Julia R. Greer's picture

Based on much experimental and theoretical work in the last decade or so, mechanical properties of materials at nano-scale are proving to significantly deviate from their bulk counterparts. This is true not only for nano-structureD materials (i.e. composed of nano-scale components like nanocrystalline materials) but also for nano structureS (surface-dominated structures like carbon nanotubes (CNT’s), nanowires, etc.). Nanoindentation has been a very effective and well-characterized technique for determination of hardness, modulus, and stiffness, and for crystalline materials the indentation hardness has been widely shown to be significantly higher at shallower indentation depths (so-called indentation size effect, or ISE).
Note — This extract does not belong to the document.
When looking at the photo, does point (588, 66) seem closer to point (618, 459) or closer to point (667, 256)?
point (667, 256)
However, inserting a sharp indenter tip into a material inevitably sets up strong strain gradients in the deforming volume, which is often linked to the origin of the ISE. Moreover, the infinitesimal volumes probed via this technique are coherent with the remaining matrix, rendering the effects of free surfaces on mechanical properties inaccessible.

To significantly reduce the effects of strain gradients and to investigate the effects of free surfaces on plasticity of nano-scale single crystals, metallic glasses, and polycrystals, an increasingly popular experimental technique involves uniaxial compression of nano-pillars made out of these materials. For example, with the help of this technique, it was shown that pure metals and metallic alloys exhibit strong size effects in plastic deformation manifested through “smaller is stronger” phenomenon. There are several theories (both computational and experimental) trying to explain the observed size effect, but at this point there is no unified phenomenological model fully explaining these size effects. One of these theories is coined as Dislocation Starvation, or a condition attained in fcc metals when most mobile dislocations annihilate at a free surface leaving the crystal effectively dislocation-free, and subsequent plasticity is dominated by nucleation events. This concept based on experimental work on nano-pillars was first introduced by Greer and Nix  [Phys Rev B 2007], and recent work of Shan, et al [Nature Materials 2008] on in-situ TEM deformation of Ni nano-pillars clearly shows a phenomenon the authors call “mechanical annealing,” which is very consistent with the dislocation starvation mechanism. A common technique for fabricating these nano-pillars involves the use of the FIB (Focused Ion Beam), which inevitably introduces some Ga+ damage into the surface. This damage layer certainly is expected to have some effect on the strength of these nano-crystals. Moreover, in the recent work of Bei, et al, it was shown that Mo micro-posts made without the use of the FIB all attain the theoretical strength of Mo and don’t  show any significant size effect.

In this Journal Club topic, I’d like to discuss the following 4 articles, which involve nano-pillar compression. The first one (Shan, et al) shows the results of in-situ TEM FIB-machined Ni (fcc) nano-pillar compression and postulates that mechanical annealing, or dislocation escape in response to mechanical deformation, is prevalent in fcc metals at these scales. The 2nd one (Bei, et al) – the only one where the compression specimens were not fabricated by using FIB – does not find any size effects in deformation of Mo posts made through selective etching of NiAl-Mo eutectic. And the final, 3rd one (Shan, et al) discusses enhanced ductility and lack of catastrophic failure in metallic glass nanopillars.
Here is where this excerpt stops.